Creating Jobs in USA

September 2, 2010

Sankarshan Acharya
Pro-Prosperity.Com and Citizens for Development

September 2, 2010

To:       Honorable President Barack Obama

Cc:       Honorable House Speaker Nancy Pelosi

Honorable Senators Harry Reid and Richard J. Durbin

Honorable Chairman, House Oversight and Government Affairs Committee

Honorable Chairman, Financial Crisis Enquiry Commission

Sub:     FCIC Hearings: Why Lehman Brothers was not rescued? The Answer Offers the Idea for Creating Massive Employment Once Again.

Dear President Obama,

As the biggest financial institutions tottered in 2008, did the regulators have an overriding common principle, maybe tacit, to pick the ones that deserved to survive to absorb the others? 

The Financial Crisis Inquiry Commission posed this profound question, yesterday, to the prominent witnesses from J.P. Morgan & Chase, Lehman Brothers, Federal Reserve Bank of New York, and Law Firms. 

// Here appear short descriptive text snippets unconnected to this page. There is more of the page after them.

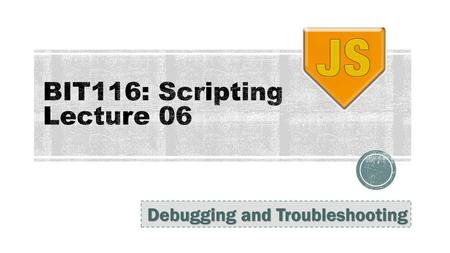 BIT116: Scripting Lecture 06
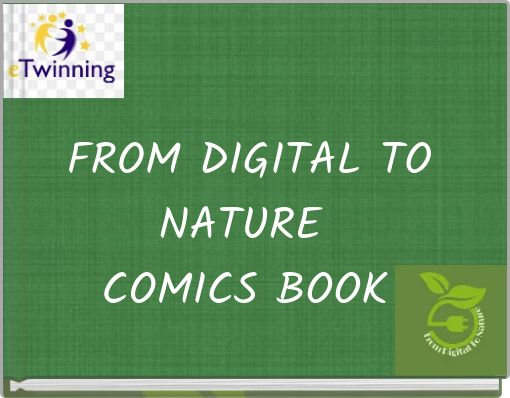 FROM DIGITAL TO NATURE COMICS BOOK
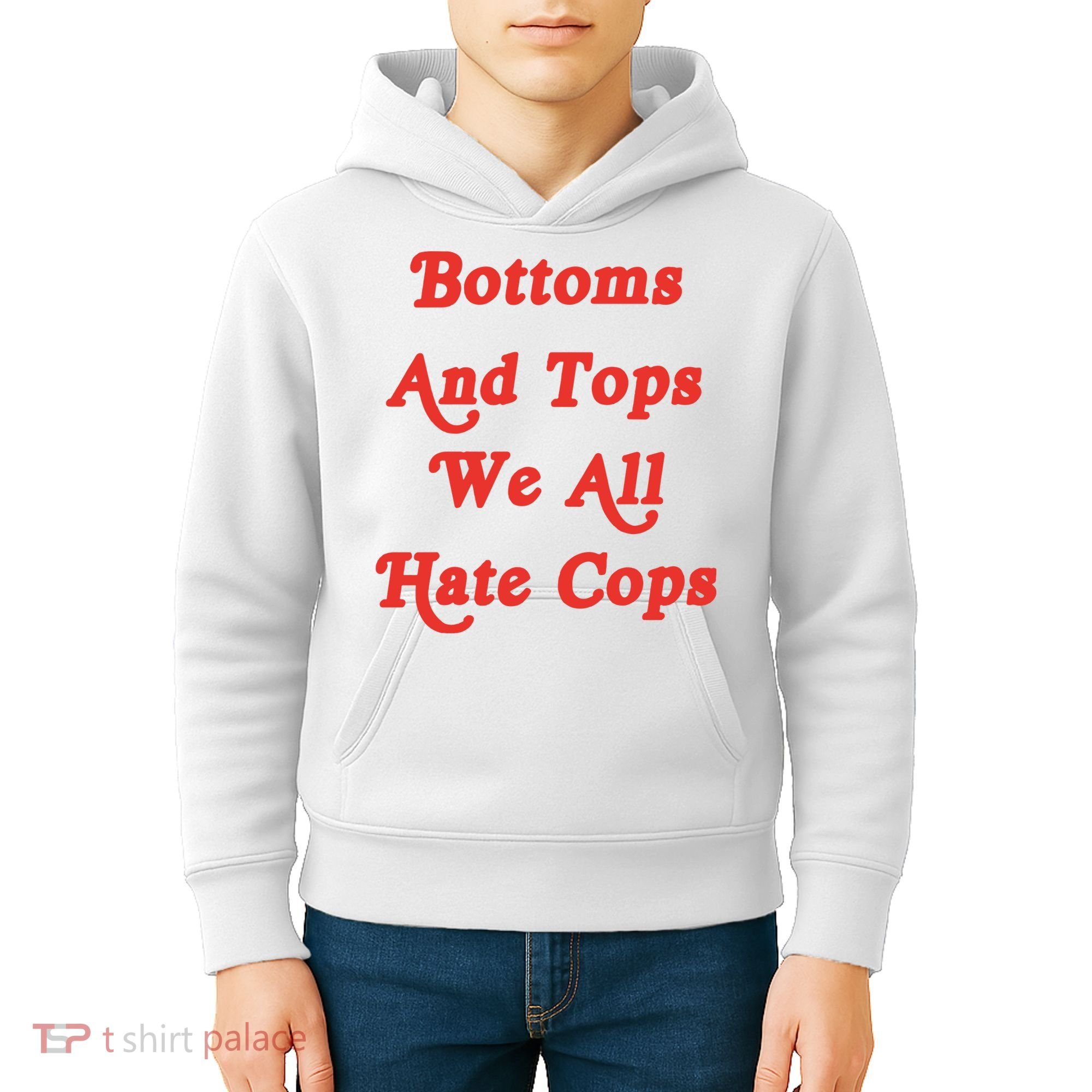 Bottoms And Tops We All Hate Cops Kids Hoodie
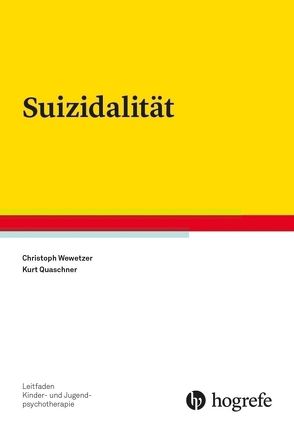 Suizidalität von Quaschner,  Kurt, Wewetzer,  Christoph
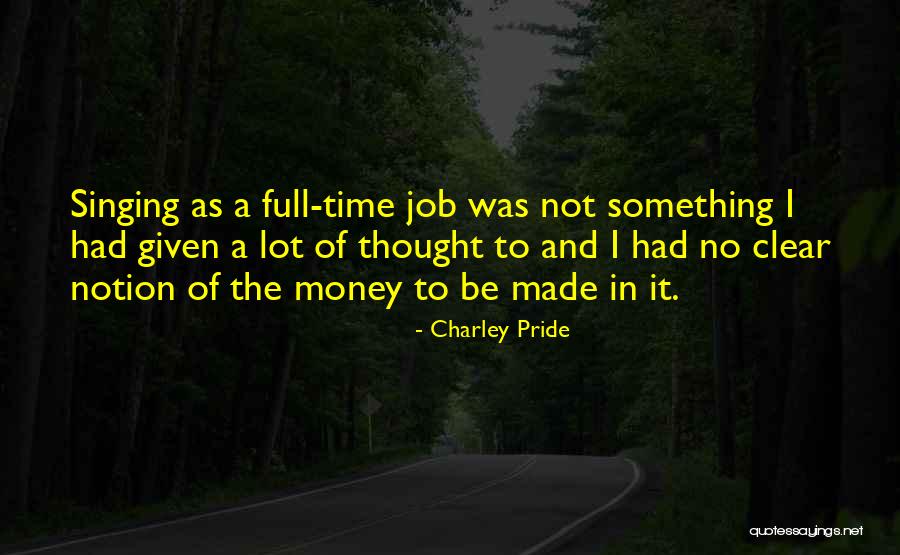 Senhaji Chaabi Quotes By Charley Pride Senhaji Chaabi Quotes By Charley Pride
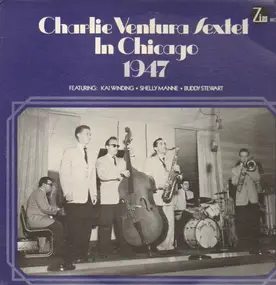 Charlie Ventura Sextet - In Chicago 1947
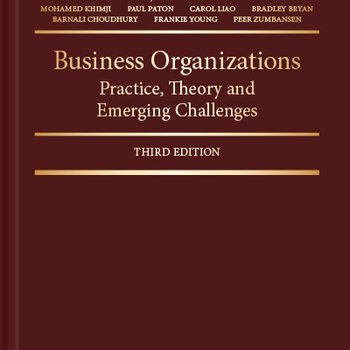 Business Organizations: Practice, Theory and Emerging Challenges, 3rd Edition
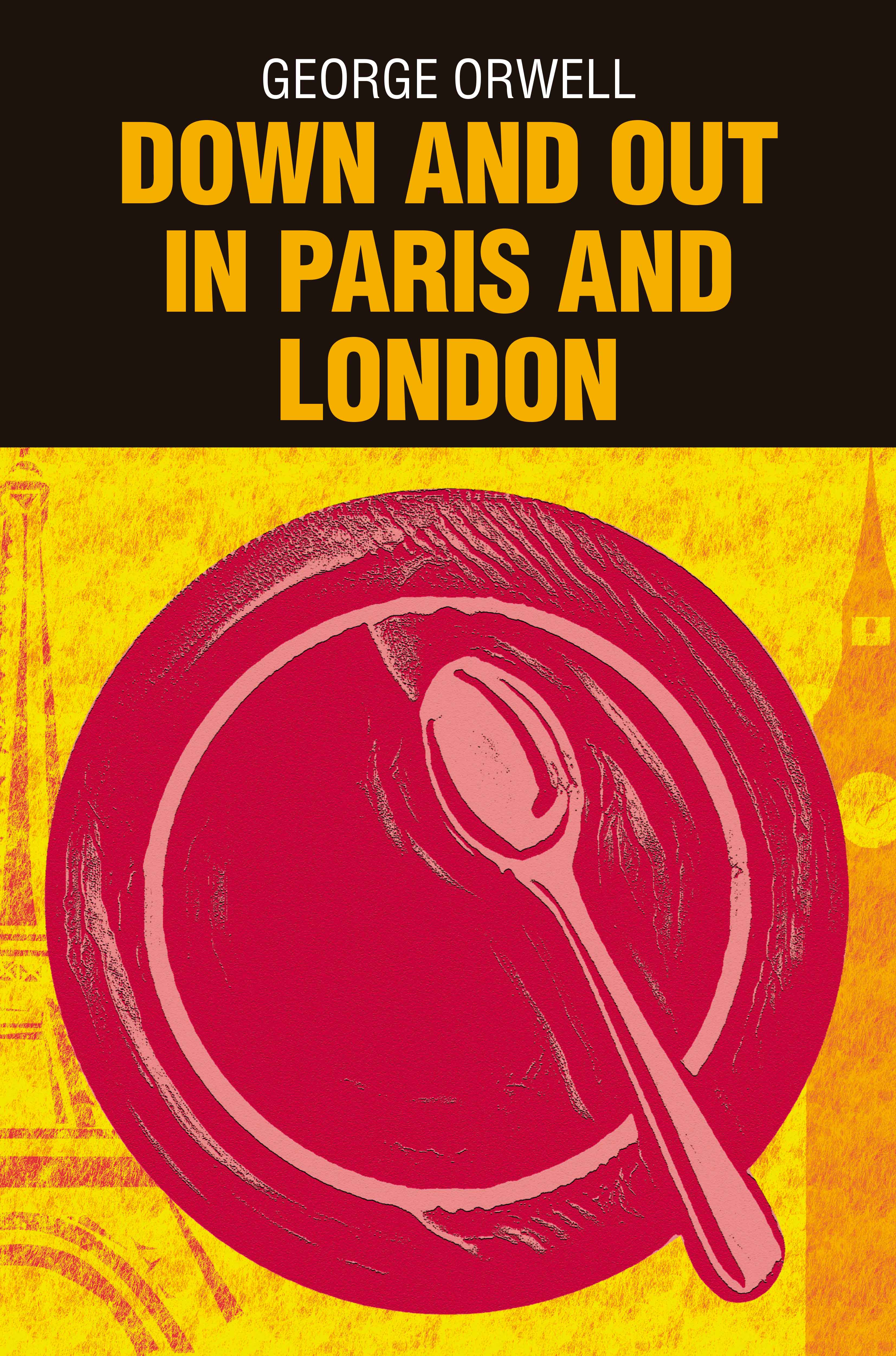 Down and Out in Paris and London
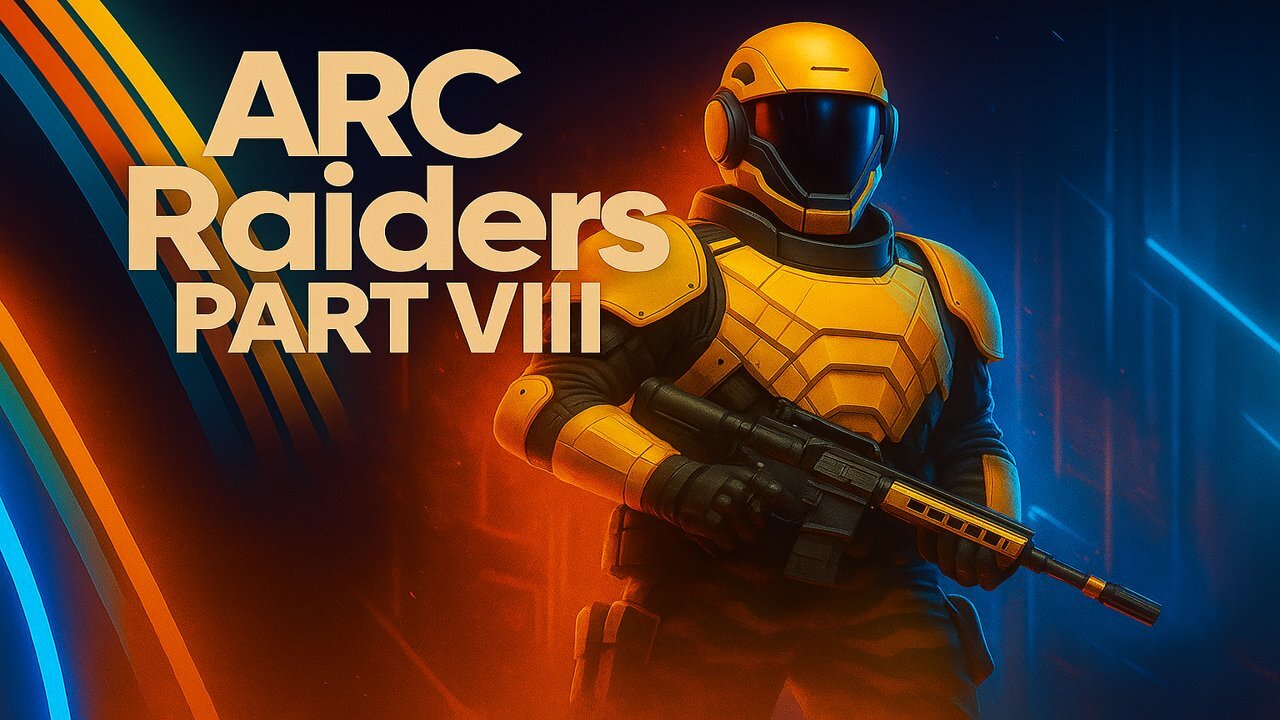 NOW TESTING: ARC RAIDERS PART VIIII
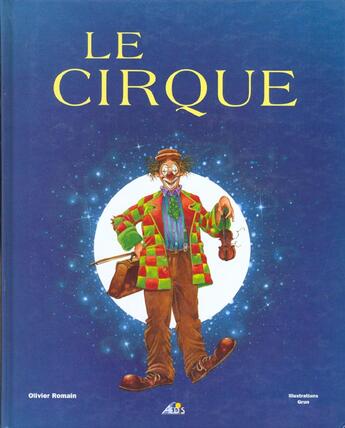 Couverture du livre « Le cirque » de Romain Olivier aux éditions Aedis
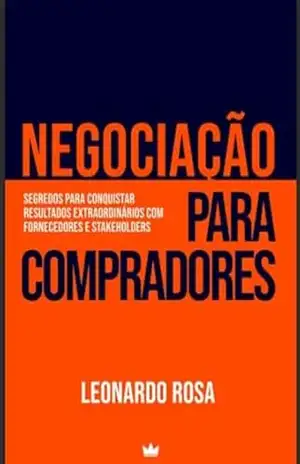 Negociação para compradores: Segredos para conquistar resultados extraordinários com fornecedores e stakeholders – Leonardo Rosa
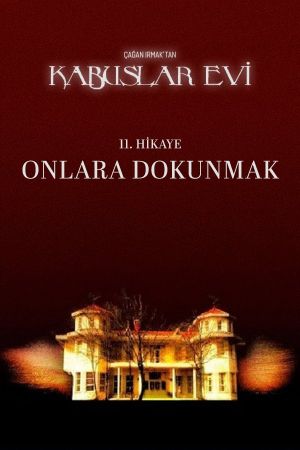 Kabuslar Evi: Onlara Dokunmak's poster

The FCIC could not arrive at a common principle that underlay the regulatory rescue effort in 2008. 

Here is a rational inference about the common principle behind the regulatory choice, and a method of further testing the hypothesis using confidential trading data that can be subpoenaed from market making financial institutions and the market Clearing House:  The institutions picked as the saviors like JPMC and Goldman Sachs were prominently present in the advisory boards of the regulatory agencies (FDIC, FRB-NY and BOG-FRS, and Treasury) and held enormously large net short interests in the very securities that were held long by the other financial institutions that were sacrificed (Lehman Brothers, AIG, Fannie Mae, Freddie Mac, Washington Mutual, Lehman Brothers, Wachovia and Merrill Lynch). 

Lehman, Merrill, Bear Stearns, and Washington Mutual had accumulated large portfolios of mortgage loans and mortgage backed securities by borrowing, notably, from Bank of America, Citigroup and JPMC.  The borrowers had submitted collaterals and so had collateralized debt obligations (CDOs) with their lenders.  The lenders had short-sold the same mortgage backed securities that the borrowers were holding to lower the marked-to-market equity values of the borrowers.  The lenders could then issue margin calls like JPMC acknowledged yesterday that it did to Lehman Brothers which collapsed as a result. 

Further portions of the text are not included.